This was the second Kaggle competition I participated in, following up on my experience with prediction Moscow housing prices in the Sberbank competition.
Instead of predicting the house valuations themselves, Zillow asks to predict the error between its estimates and the actual sale price. The data set consisted of about 90,000 transactions in the Southern California housing market, with 58 features (e.g. square footage, number of floors, build year)

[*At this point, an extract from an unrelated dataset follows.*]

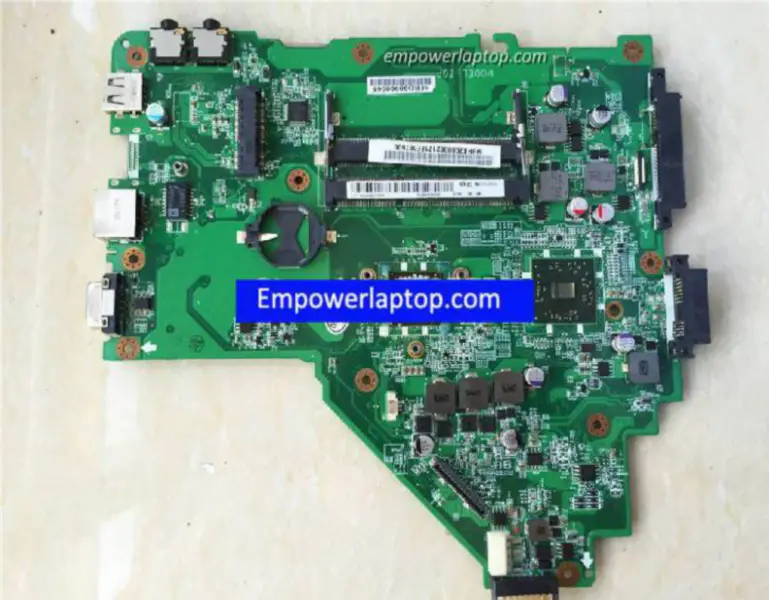 Základní deska Acer 4250 DA0ZQPMB6C0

An exploratory data analysis revealed several important pieces of information:
- Inspection of the correlation matrix showed that the variables with the largest correlation with error were the basement area, shed area, and finished living area. As many So-Cal residents know, most homes in California don’t have basements, which may explain the contribution to variability. Likewise, the presence and size of a shed typically isn’t a home-buyer’s primary concern. Finished living-area alone may not be a useful data point, since it may be the that the percentage matters more, and that the value may go into a repair cost upon purchasing.
- Heteroskedastic features (errors varying with feature values) were of particular interest for this competition. Features with extreme values had more error than those with values closer to the norm.
- There were numerous features that naively appear to be ordinal (e.g. filled in with Integers 1-30) but weren’t.
- There were significant differences between train and test distributions, which may have caused substantial differences between local cross-validation and leaderboard performance.
To fill in missing data, I used the MICE (Multiple Imputation by Chained Equations) algorithm, which is particularly useful for complex datasets where simple imputation approaches are not sufficient.
In the end, I managed to make it into the Top 15%!
These price and price variability lessons I learned in this and the Sberbank competition have wide applicability in data science. They can be used anytime we have to predict the price of a complex object like a vehicle, office building, more general real estate, or fine art for example.